Smaller businesses usually won't need enterprise-scale storage solutions, and it'll be cost-prohibitive for them to pay enterprise prices for them. These sorts of solutions are usually fairly expensive.
For example, Snowflake charges 23$ per month per terabyte of storage if a business pays up front, and 40$ per month per terabyte for pay-as-you-go storage. There are other solutions that are much cheaper; businesses need to carefully weigh the benefits of paying a premium for their storage.
Cloud-based solutions tend to be hard to implement, technically speaking. Enterprise-scale solutions like Snowflake usually require a technical support team to implement, which makes them somewhat inaccessible to those without technical staff. There are solutions that are simpler to implement, but don't require any on-premise work, either.
BI tool as data warehouse
Many businesses exist in a middle zone where they're large enough to need a unified data storage solution, but too small to effectively leverage standalone data warehousing tools. Data storage options for these businesses need to be robust enough to handle large amounts of business data, but cheap enough to make financial sense.
For these businesses, it often makes a lot of sense to use a BI tool as a data warehouse. Since a BI tool needs to access business data and store it anyway, it's a good move to just load all your business data into your BI tool and use it as a storage solution.
This has the added advantage of making more data accessible for analysis. A BI tool can only perform analysis on data that it can see. If it's acting as an organization-wide data warehouse, then it'll be able to analyze any data set.
It's also much easier to connect data sources to a BI tool than it is to connect to other data warehousing options. Most BI tools offer simple-to-use connectors with common business systems, which allow this data to flow right from one tool to another. Some tools also allow users to pipe on-premise data like Microsoft Office files right into the data warehouse.
The value of this strategy will vary from tool to tool. Some tools let their users store more data for pretty minimal fees, while others make their customers pay a premium for more data storage. At a certain point in any tool, it'll start to get too expensive to store more data in it.

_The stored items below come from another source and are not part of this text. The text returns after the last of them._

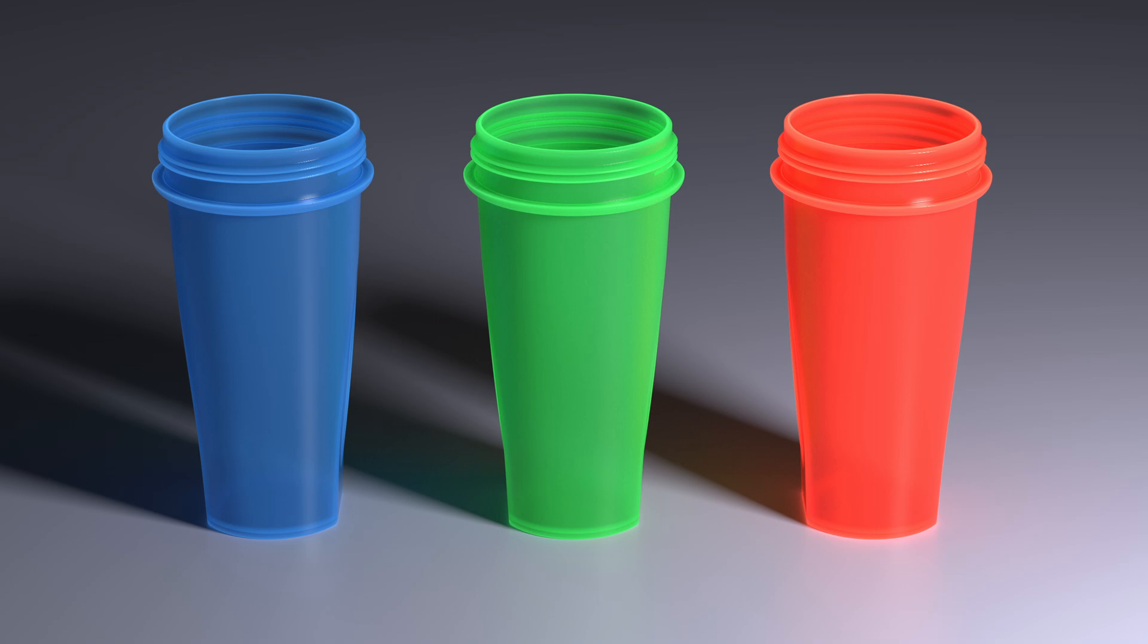Hey there. So recently a member of the RenderFam Discord asked if it was possible to create a neon plastic in KeyShot. I did some research and learned that they're actually trying to create something called a fluorescent material.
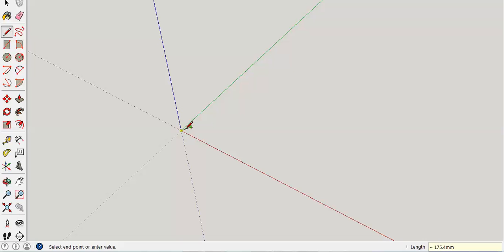Then I'm going to do parallel to the green line. Again, 15.8 millimeters. Enter. Now this object is very tiny.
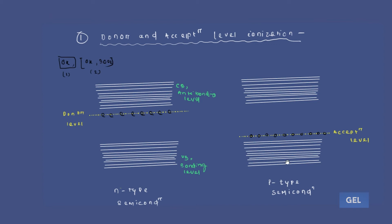The movement of charge carriers from the donor level to the conduction band is called donor level ionization, and the movement from the acceptor level to the valence band is called acceptor level ionization. In donor level ionization, between 0K and 300K in an n-type semiconductor, electrons start shifting from the donor level to the conduction band. Due to this donor level ionization, the donor level starts shifting toward the conduction band.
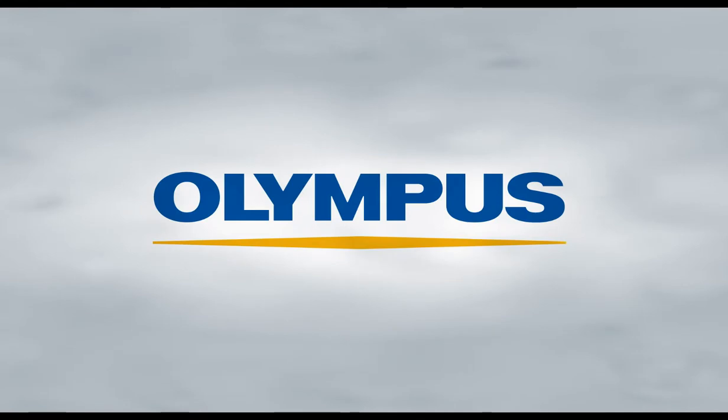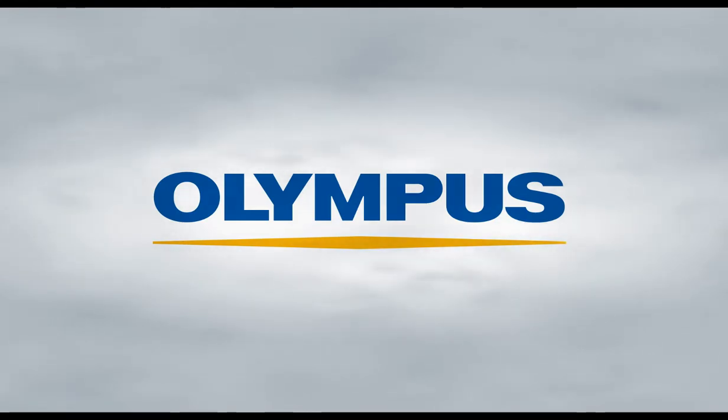This video will show you how to share your Vanta XRF Analyzer screen using the Olympus Scientific Cloud.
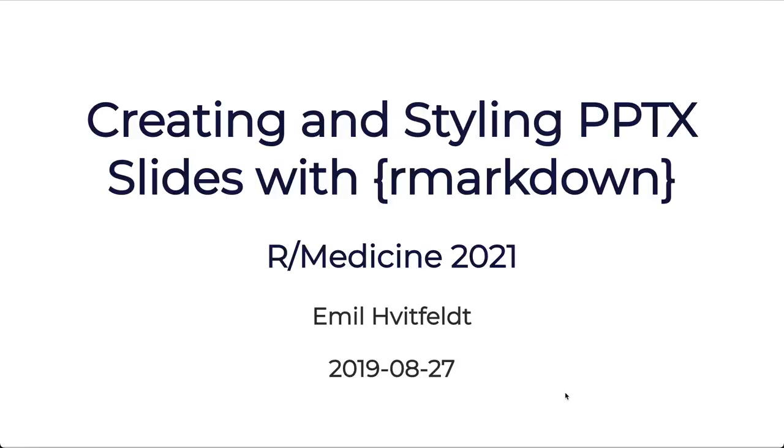Welcome to this lightning talk, where I will be talking about how to create and style PowerPoint presentation slides using R markdown and my new package PPTS templates, which will take a lot of the styling and formatting.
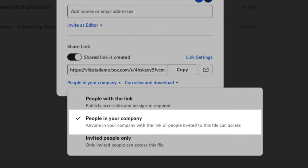Another option is People in your company. This setting means that anyone in your company or people invited into this folder will be able to access the link.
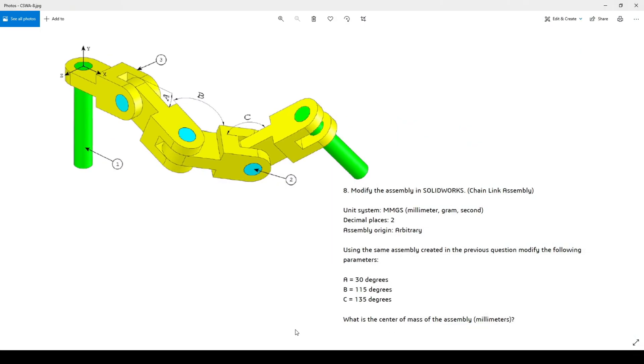Certified SolidWorks Associate sample exam question number 8. In this question, you have to modify the assembly which you have already created for question number 7.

That's the point where investing in a standalone data warehouse is a good idea.
BI tools also have the same data governance problems as other third-party applications. There are some workarounds, like federated connectors, but usually, businesses with special rules on how they can store data can't use a BI tool as a data warehouse.
There are many different strategies that businesses can use for storing and accessing their data. These are just three of the most common solutions; businesses might want to use strategies not listed here, or a blend of the strategies we talked about.
Regardless, businesses that have reached a certain level of data complexity need to implement some consistent data storage solution. With an effective data storage solution, businesses can effectively leverage all of their data towards insight.